Hatchuel notes that the presence of multiple screens in the theatre, the integration of CNN-type graphics, and what she describes as ‘the hyper-mediatization on the stage’ led French critics of performances at the Avignon Festival to compare the production to the Fox TV series 24 (2001-10). And 24, of course, is notable for each episode supposedly taking place in just a single hour of screen time and for the extensive use of split screen style. Should you need a nostalgic reminder:

And here’s a subtitled trailer for later performances of The Romans:

In her analysis Sarah Hatchuel continues:

Just as in 24, Ivo von Hove’s screen must not necessarily be seen as ‘split’, but rather, as Monica Michlin argues, as ‘a web of images, connected rather than separated by the lines that criss-cross the TV screen… While the split screen is reflective of TV network control rooms, it can also be linked to other traditions of multiple frames, from the medieval polyptych to comic books, reflexively commenting on the need for distance and perspective (pp. 54-5).

Pascale vividly describes a further production that engages, partially at least, with these ideas, Grzegorz Jarzyna’s 2007: Macbeth, and here is the (relatively restrained, at least in terms of visual style) trailer for this (which can be freely viewed in full at the Ninateka website):

The paradox, as I indicated above, is that while there are relatively few performances that employ split-screen style in the broadcast feed, the production process of multiple camera broadcasting and recording has multiple screens at its heart. In the control gallery the screen director and vision mixer select from six, seven or more simultaneous camera feeds that are on offer at any moment, which are displayed either in a line or a grid as a kind of real world split screen in front of the mixing desk, and that can be recorded for review as a complex split screen (with the live feed at any moment being shown in the larger box at top right, and the selected camera outlined in red; the image features Amber James, Gavin Fowler and Oliver Ford Davies in the RSC’s 2018 production of Troilus and Cressida).

Reflecting on all of this, I couldn’t agree more with Pascale who writes in her comment that

there is evidently a confluence of stage and screen work here and remediation in both directions: stage work that (like Katie Mitchell’s) uses ‘filmic’ language, conventions, set design and media, and now it’s new broadcast work that is responding to such work in a way that mirrors it and builds on it.

There’s a great deal more theatre working with these concerns, including two recent favourites of mine, the Kiss and Cry Collective from Belgium who were at the Barbican recently with their ‘live cinema’ production of Cold Blood, and Imitating the Dog’s Night of the Dead Remix. (Which is not to forget how fundamental to all of this the Wooster Group have been, as they remain.) What we have yet to see, however, is any engagement with these ideas from broadcasters or producers of screen performance (although, speaking personally, it’s not for the want of trying).

I very much hope there is the opportunity to explore all of this in discussions and further writing.
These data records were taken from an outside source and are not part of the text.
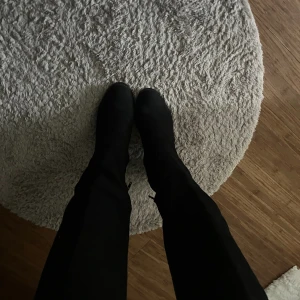 Svarta boots - Säljer dessa då jag inte använder de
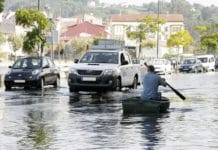As obras para evitar as inundacións na Ribeira incluirán a construción dun novo colector para a recollida de pluviais e válvulas que eviten a entrada da auga do río cando suba a marea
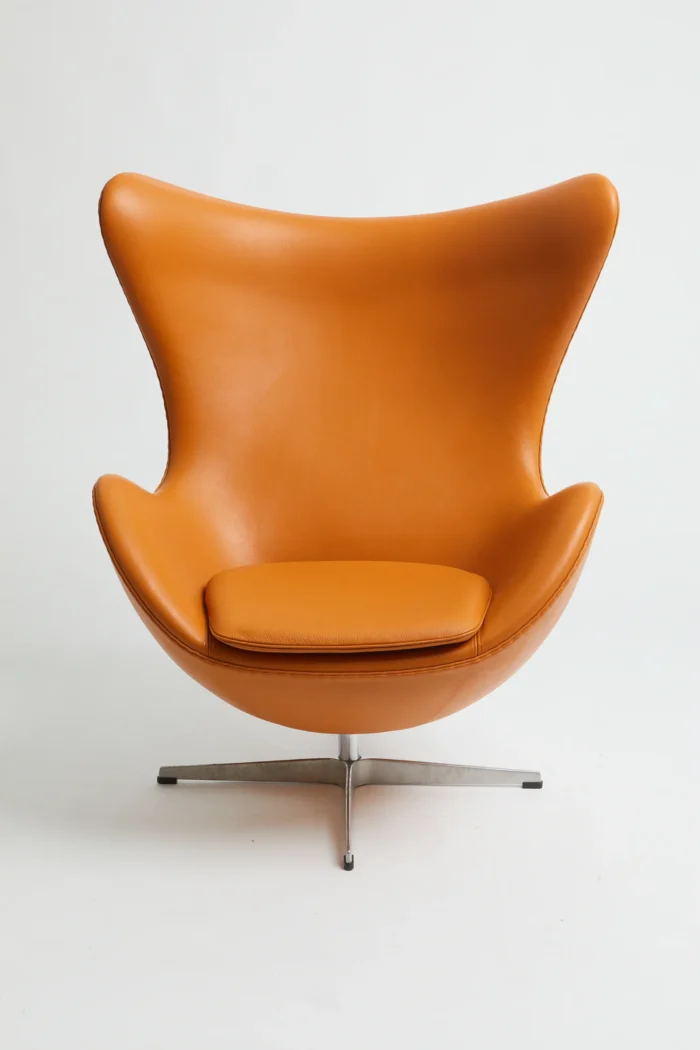 Ægget Classic – Arne Jacobsen Lænestole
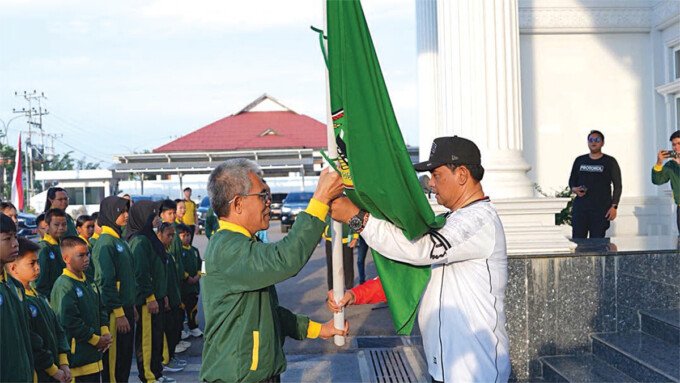 Barito Utara Bupati Barito Utara H Shalahuddin ST MT secara simbolis menyerahkan Pataka kepada Kepala Dinas Pendidikan Kabupaten Barito Utara M Iman Topik pada pelepasan Atler Pelajar di Ajang Olimpiade Olahraga Siswa Nasional (O2SN) di Halaman Kantor Bupati Barito Utara, Minggu (12/7).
For the moment, I want to hold on to Monica Michlin’s and Sarah Hatchuel’s important ideas about ‘split’ screens being about connections as much as separations, and about the way they engage with ideas of distance and perspective. Perhaps here, at this time of lockdown, when our awareness of connections and distance and perspectives has been so intensely heightened, is one of the reasons why split screen style has emerged as, in part at least, the language of that lockdown.

Comments

  1. Erin says:

    Ignore my question on part 2 about Sweete – you answered it here! I couldn’t agree more about the connectedness that can emerge from split screen, and I’m going to look up Hatchuel’s book once libraries open again… My favorite parts of Roman Tragedies were the moments in which split screens reconfigured/reconnected characters that were physically and/or emotionally distant — so, the Brutus/Portia and Caesar/Calpurnia scene and then, especially, the bringing together of Antony and Cleopatra right at the end. Thanks again for such an interesting series of posts!